BEDROCK
[ˈbedˌrɑk] n.
the layer everything else rests on.
Before endurance, before power, before specialized training, there is the ability to squat, hinge, push, pull, and brace against resistance with confidence.
BEDROCK is a 12-week strength program built around those fundamentals.
Three workouts per week.
Enough volume to get stronger.
Enough recovery to enjoy your life.
The goal isn't to spend more time in the gym.
The goal is to build a body that can handle more outside of it.
Why BEDROCK exists
A lot of people jump straight to the sexy stuff.
Trail running plans.
Climbing plans.
Hybrid athlete plans.
Sport-specific programs.
Then they wonder why their shoulders hurt, their knees complain, or every hard effort feels like it's held together with duct tape.
Strength is rarely the limiting factor because people aren't working hard enough.
Strength is the limiting factor because they skipped the foundation.
BEDROCK builds that foundation.
Not through random workouts.
Through deliberate practice of the movement patterns that support every athletic pursuit:
Master those and everything else gets easier.
How the program works
12 weeks
Long enough to make meaningful progress.
Short enough to stay focused.
3 strength sessions per week
Every session trains the whole body.
No bro splits.
No marathon gym sessions.
Just consistent exposure to the movements that matter most.
Daily movement target
Most days, aim for 7,000–10,000 steps.
How you get there is up to you.
Walk.
Hike.
Bike.
Play pickleball.
Move however your life naturally moves.
The goal is simple: stay generally active without turning recovery into another training session.

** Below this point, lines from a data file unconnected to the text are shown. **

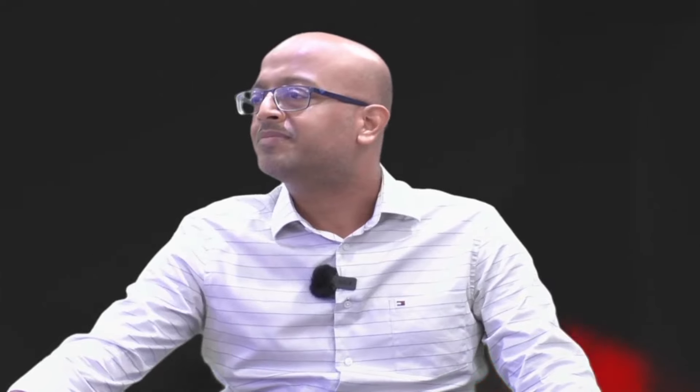Incorporate these using advanced risk analysis tools — sensitivity, simulation, and scenario analysis. Also, the institute says: please consider real options. The abandonment option exists, and it should not be forgotten, because due to technological change it may become necessary to abandon a project. And lastly, the discount rate — RADR (Risk Adjusted Discount Rate) — may also need to be adjusted. Let us look at the short summary of the institute write-up.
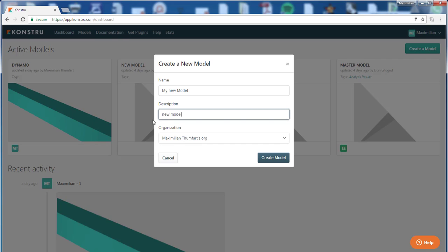Now the organization this model will be placed in is your organization automatically by default, because you are currently in your organization. If I click create model, this model will be created.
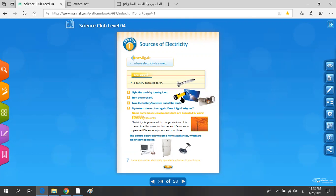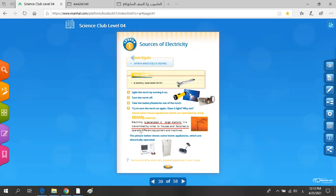So, it used energy to turn on. The electricity is generated in large stations and transmitted by wires to houses and factories to operate different equipment and machines. So we can use electricity from the wires from the electricity stations.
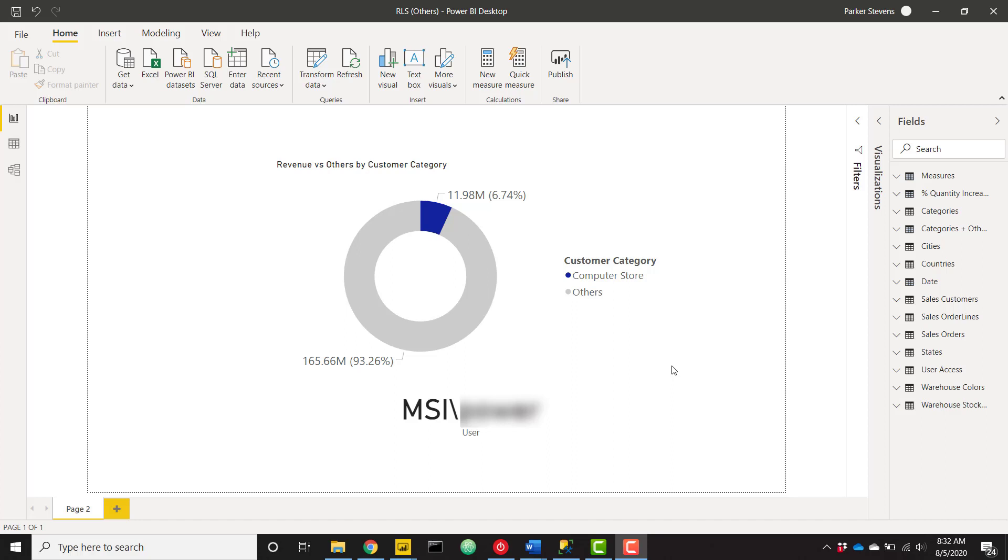What's up everybody, it's Parker with BI Elite. I have a very fun video today showing you how to set up what I call soft row-level security. This is going to allow you to show the current user's data versus other data.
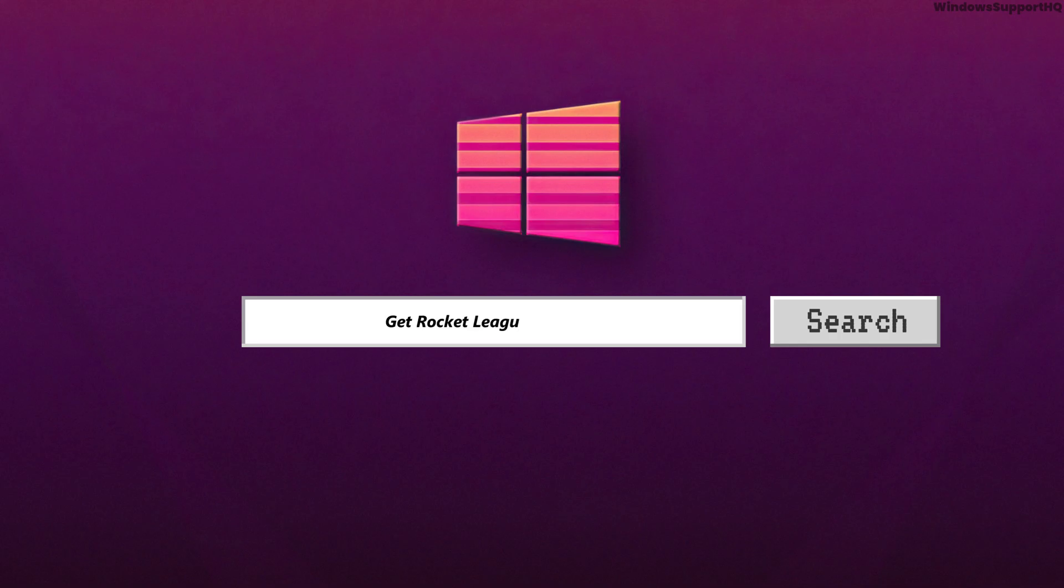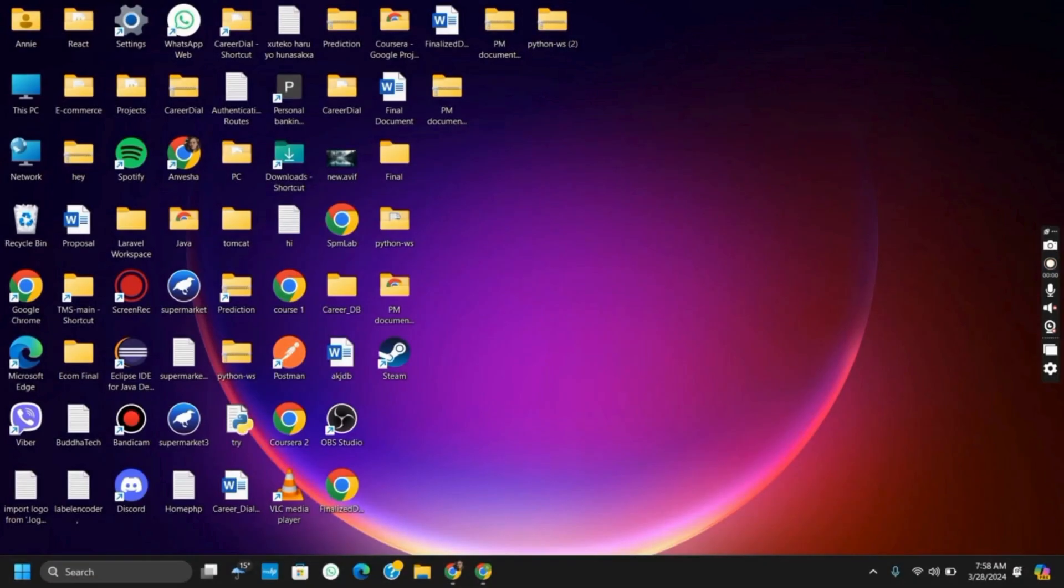How to get Rocket League on Steam. Hello everyone and let's get started.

This supports your strength work by keeping your system loose, recovered, and ready to adapt.
Conditioning
Conditioning is included in a light, flexible format to support recovery and build a basic aerobic base.
The focus is not performance training—it’s general fitness support that fits alongside your strength work.
You’ll be guided toward:
Zone 2 cardio to speed recovery while building aerobic capacity
1–3 sessions per week depending on preference and season
modalities you actually enjoy (running, cycling, swimming, rowing, hiking, sports, etc.)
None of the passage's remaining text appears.